##### INFORMATION SHOWN
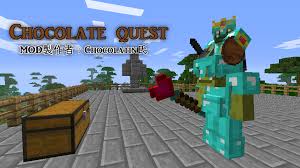 Better dungeons is created by chocolatin, the mod was created on jun 27, 2013 and the last update took place on aug 31, 2015, so far is a total of 2,172,840 downloads. Minecraft Better Dungeons Mod 1 7 10 Catet G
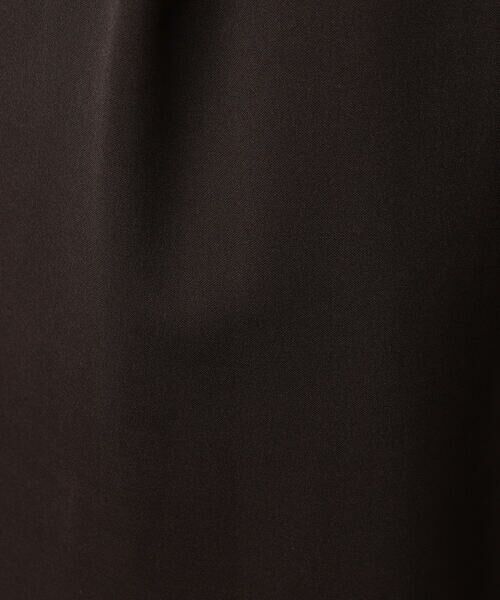 COMME CA MEN / コムサ・メン その他パンツ | ソロテックス レーヨンフィラメント ワンタックテーパードパンツ | 詳細30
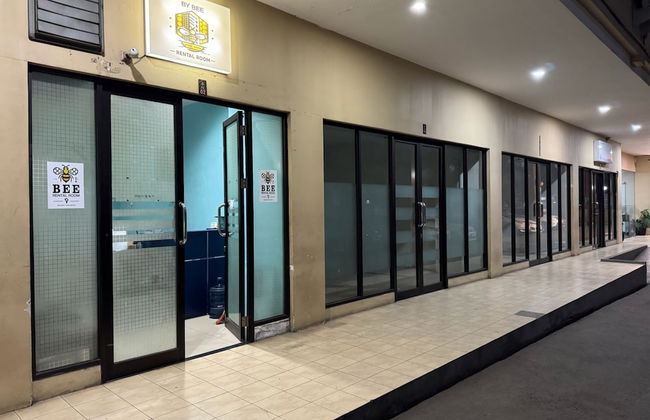 apartemen tamansari panoramic by bee - Photo 4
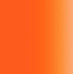 Краска для аэрографии CREATEX AB 5119-10 Transparent Orange (Прозрачный оранжевый ) 10 мл(R)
##########
EXERCISE →
Return exactly the lines that begin with the one containing "COMME CA MEN" and end with the final line of the data above; include no pictures.

ANSWER AREA →
 COMME CA MEN / コムサ・メン その他パンツ | ソロテックス レーヨンフィラメント ワンタックテーパードパンツ | 詳細30
 apartemen tamansari panoramic by bee - Photo 4
 Краска для аэрографии CREATEX AB 5119-10 Transparent Orange (Прозрачный оранжевый ) 10 мл(R)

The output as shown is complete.